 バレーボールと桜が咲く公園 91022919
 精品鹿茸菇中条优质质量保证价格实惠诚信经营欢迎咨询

* * *

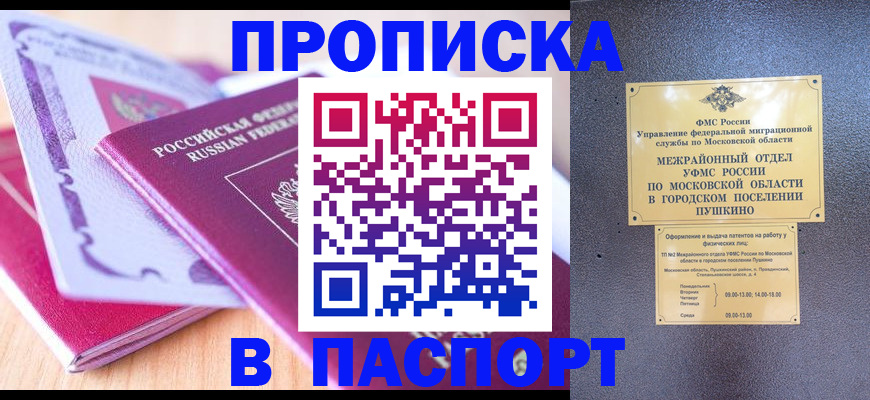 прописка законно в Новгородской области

--

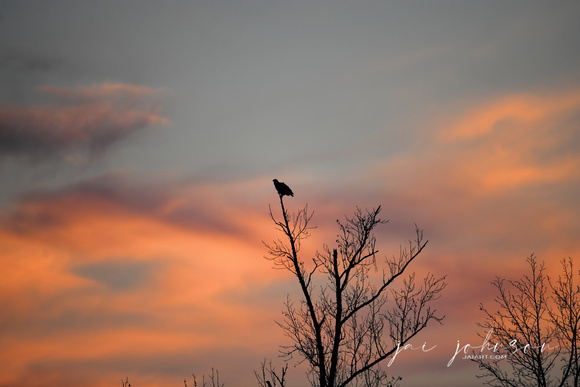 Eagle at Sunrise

# What is needed
Only one stretch of the data above is needed. Restate it word for word, from the line containing "バレーボールと桜が咲く公園 91022919" through the line containing "精品鹿茸菇中条优质质量保证价格实惠诚信经营欢迎咨询", both ends included.

# Reply to the task
 バレーボールと桜が咲く公園 91022919
 精品鹿茸菇中条优质质量保证价格实惠诚信经营欢迎咨询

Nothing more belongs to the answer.